At the time, I was spending my days at POKE NY, an agency/consultancy focused on product and marketing innovation in the digital space. We were young, scrappy, opinionated, culturally aware, and digitally savvy. Perhaps most importantly, we were dead-set on making our mark on the (digital) world. And we were rather adept at creating toys that would get people talking (like our live webcam as website or our #NY<3LeBron buttons).
So, when we saw the missed opportunity in the Snacklish campaign, we did what any good group of trolls would do — we made the thing we wanted to see in the world. Within 24 hours of the launch of the "official" Snacklish campaign, we released Snckrz.com. It was a dead simple website that allowed users to type anything into a Snickers logo (and then embed, tweet, and share their creation):
Coupled with a live Twitter feed of everything that folks shared and every mention of Snckrz.com, we tallied more than 80,000 shares and mentions in around 48 hours:
Our toy as "brandjacking" effort got noticed quickly by media outlets and industry rags, like AdAge:
The incident does raise the simple question as to why something as intuitive as a logo generator wouldn't be included in the official Snickers campaign based around funny phrases rendered in the brand's type, it also points to the bigger discussion of...nimble sites built around CGM (consumer generated marketing) and social utility...
Of course, the Mars company's lawyers took note as well: Snickers is Ready to File a Lawsuit Against Poke for Snckrz!
We’ve heard the story before: Brand wants to inspire user generated content. Brand inspires user generated content. Brand hires lawyers, and shuts down user generated content.
The resulting cease-and-desist letter and subsequent forced shut-down of Snckrz.com prompted another flurry of commentary pointing out the absurdity of the situation from the likes of Fast Company, Campaign, and My Grandma Blogs Better Than You:
Danielle Sacks of Fast Company really nailed the commentary on this one:
I just don’t get it. Marketers spend millions of dollars on market research, focus groups, ad agencies, digital shops, so on and so on, just so their brand can catch fire with the cultural zeitgeist. It almost never works... Yet, when it actually does...control-freak corporations don’t know what to do other than bring out the litigious arsenal. When are they ever going to learn?

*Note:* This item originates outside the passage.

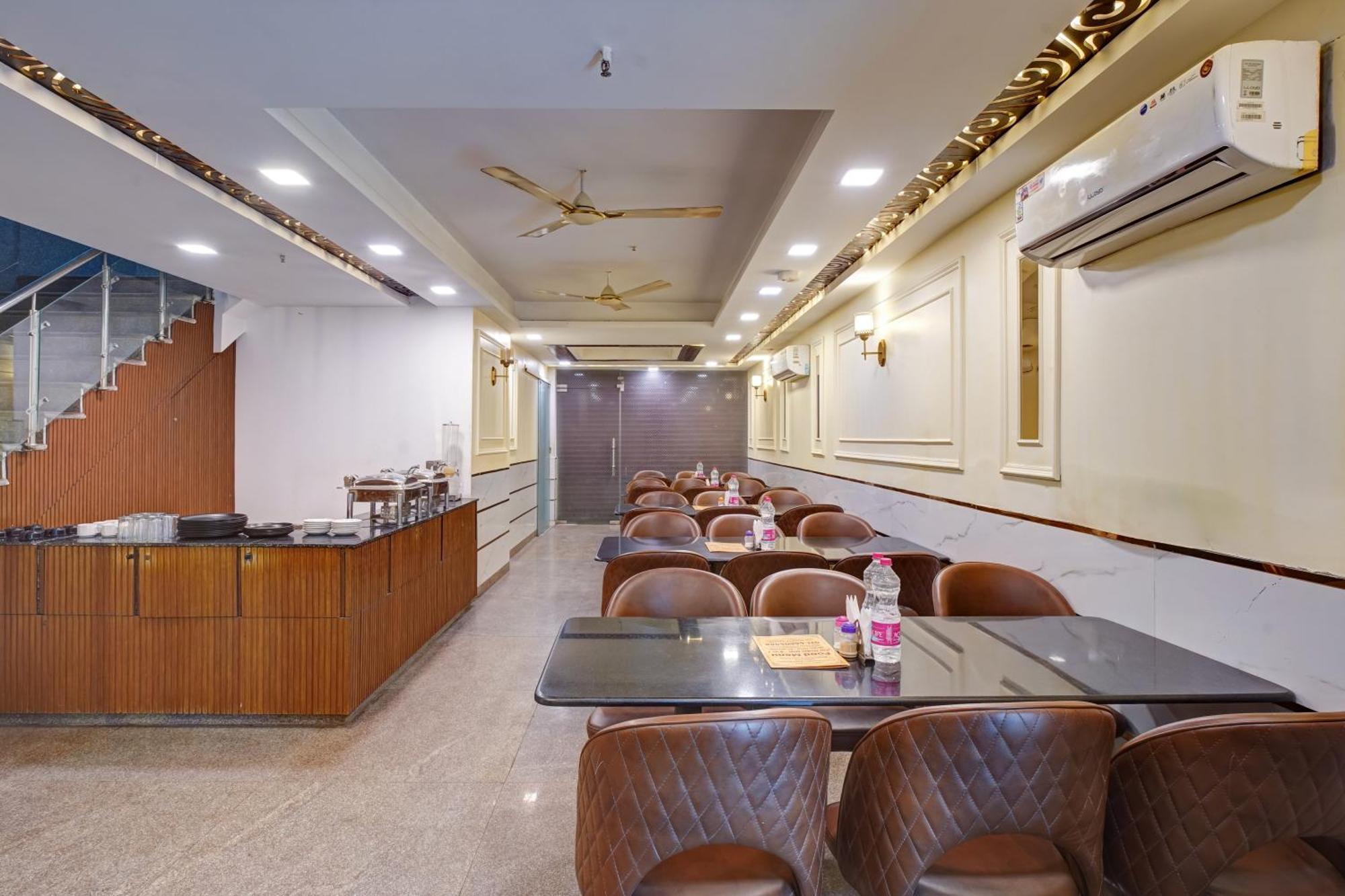 Hotel Chanakya Inn New Delhi Bagian luar foto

At this point, a cease-and-desist letter was too little, too late. The damage was done. Our toy, Snckrz.com, was out in the wild, getting noticed and talked about. Our team at POKE had received the attention and the credit for being culturally aware, nimble, and execution-focused — at the expense of Mars and their incumbent agencies who created the original Snacklish campaign and web experience. All of which was the result of a few hours spent building something that we knew would be taken down via legal action.
Ironically, it’s not over yet. Someone brought the Snacklish generator back to life. And people are excited about it… Apparently Snickers and Mars have either learned something, or this iteration is flying under the radar because it’s been live for a year with no repercussions or cease-and-desist letters.
All of this happened because we built a toy.
Think about the value of the marketing and brand awareness that befell POKE over those few days because we built something. Be careful not to let the term “toy” fool you in this regard. Toys have real value. Some can be monetized. Others are valuable due to brand awareness and their ability to attract both new clients and new talent to your company. Regardless, train yourself to be on the lookout for opportunities to create toys, or make a concerted effort to find them.